Check out our latest analysis for Be Friends Holding

earnings-and-revenue-history
SEHK:1450 Earnings and Revenue History April 29th 2024

Examining Cashflow Against Be Friends Holding's Earnings

Many investors haven't heard of the accrual ratio from cashflow, but it is actually a useful measure of how well a company's profit is backed up by free cash flow (FCF) during a given period. The accrual ratio subtracts the FCF from the profit for a given period, and divides the result by the average operating assets of the company over that time. The ratio shows us how much a company's profit exceeds its FCF.

As a result, a negative accrual ratio is a positive for the company, and a positive accrual ratio is a negative. While having an accrual ratio above zero is of little concern, we do think it's worth noting when a company has a relatively high accrual ratio. To quote a 2014 paper by Lewellen and Resutek, "firms with higher accruals tend to be less profitable in the future".

Be Friends Holding has an accrual ratio of -0.19 for the year to December 2023. Therefore, its statutory earnings were very significantly less than its free cashflow. Indeed, in the last twelve months it reported free cash flow of CN¥167m, well over the CN¥119.5m it reported in profit. Notably, Be Friends Holding had negative free cash flow last year, so the CN¥167m it produced this year was a welcome improvement. However, that's not all there is to consider. We can see that unusual items have impacted its statutory profit, and therefore the accrual ratio.

That might leave you wondering what analysts are forecasting in terms of future profitability. Luckily, you can click here to see an interactive graph depicting future profitability, based on their estimates.

The Impact Of Unusual Items On Profit

Surprisingly, given Be Friends Holding's accrual ratio implied strong cash conversion, its paper profit was actually boosted by CN¥17m in unusual items. While it's always nice to have higher profit, a large contribution from unusual items sometimes dampens our enthusiasm. We ran the numbers on most publicly listed companies worldwide, and it's very common for unusual items to be once-off in nature. And that's as you'd expect, given these boosts are described as 'unusual'. Assuming those unusual items don't show up again in the current year, we'd thus expect profit to be weaker next year (in the absence of business growth, that is).
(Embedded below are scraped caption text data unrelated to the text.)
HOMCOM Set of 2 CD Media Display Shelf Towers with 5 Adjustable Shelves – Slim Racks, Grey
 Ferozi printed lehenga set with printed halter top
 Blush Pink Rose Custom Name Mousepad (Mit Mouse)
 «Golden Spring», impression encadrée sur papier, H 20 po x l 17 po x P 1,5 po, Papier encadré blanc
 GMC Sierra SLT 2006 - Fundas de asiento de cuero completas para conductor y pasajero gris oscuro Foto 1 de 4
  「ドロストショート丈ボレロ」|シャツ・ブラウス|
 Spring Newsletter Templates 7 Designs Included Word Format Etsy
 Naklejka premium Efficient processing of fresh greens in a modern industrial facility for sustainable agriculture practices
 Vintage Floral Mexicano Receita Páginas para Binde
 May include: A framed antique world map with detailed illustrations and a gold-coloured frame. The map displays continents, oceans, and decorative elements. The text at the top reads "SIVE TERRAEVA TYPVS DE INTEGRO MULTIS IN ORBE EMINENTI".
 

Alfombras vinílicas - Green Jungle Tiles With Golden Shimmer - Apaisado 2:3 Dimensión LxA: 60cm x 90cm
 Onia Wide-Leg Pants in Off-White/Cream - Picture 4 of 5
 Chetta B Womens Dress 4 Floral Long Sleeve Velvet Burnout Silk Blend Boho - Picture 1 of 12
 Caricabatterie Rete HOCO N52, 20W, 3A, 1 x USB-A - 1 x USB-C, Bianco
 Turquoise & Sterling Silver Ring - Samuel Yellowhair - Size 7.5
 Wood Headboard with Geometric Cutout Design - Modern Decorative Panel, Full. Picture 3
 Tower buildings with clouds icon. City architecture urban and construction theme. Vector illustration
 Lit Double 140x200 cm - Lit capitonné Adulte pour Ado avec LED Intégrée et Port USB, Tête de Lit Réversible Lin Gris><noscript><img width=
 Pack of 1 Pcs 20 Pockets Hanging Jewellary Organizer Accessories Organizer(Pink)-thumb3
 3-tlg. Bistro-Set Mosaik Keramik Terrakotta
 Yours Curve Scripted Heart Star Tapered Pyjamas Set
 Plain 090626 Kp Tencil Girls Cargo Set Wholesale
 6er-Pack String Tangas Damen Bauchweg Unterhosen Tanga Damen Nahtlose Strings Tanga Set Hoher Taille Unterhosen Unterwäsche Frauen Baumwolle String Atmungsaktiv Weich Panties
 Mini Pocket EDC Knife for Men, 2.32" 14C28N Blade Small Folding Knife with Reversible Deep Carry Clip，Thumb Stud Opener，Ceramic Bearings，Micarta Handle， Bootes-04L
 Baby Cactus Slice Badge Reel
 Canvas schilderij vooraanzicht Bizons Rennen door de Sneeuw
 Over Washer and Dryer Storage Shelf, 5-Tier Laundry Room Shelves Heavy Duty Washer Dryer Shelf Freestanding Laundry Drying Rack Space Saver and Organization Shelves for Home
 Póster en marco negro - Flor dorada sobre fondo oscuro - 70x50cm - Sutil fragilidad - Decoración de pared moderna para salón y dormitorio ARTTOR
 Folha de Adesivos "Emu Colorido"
Our Take On Be Friends Holding's Profit Performance

In conclusion, Be Friends Holding's accrual ratio suggests its statutory earnings are of good quality, but on the other hand the profits were boosted by unusual items. Considering all the aforementioned, we'd venture that Be Friends Holding's profit result is a pretty good guide to its true profitability, albeit a bit on the conservative side. While it's really important to consider how well a company's statutory earnings represent its true earnings power, it's also worth taking a look at what analysts are forecasting for the future. Luckily, you can check out what analysts are forecasting by clicking here.

Our examination of Be Friends Holding has focussed on certain factors that can make its earnings look better than they are. But there is always more to discover if you are capable of focussing your mind on minutiae. Some people consider a high return on equity to be a good sign of a quality business. While it might take a little research on your behalf, you may find this free collection of companies boasting high return on equity, or this list of stocks that insiders are buying to be useful.

Valuation is complex, but we're helping make it simple.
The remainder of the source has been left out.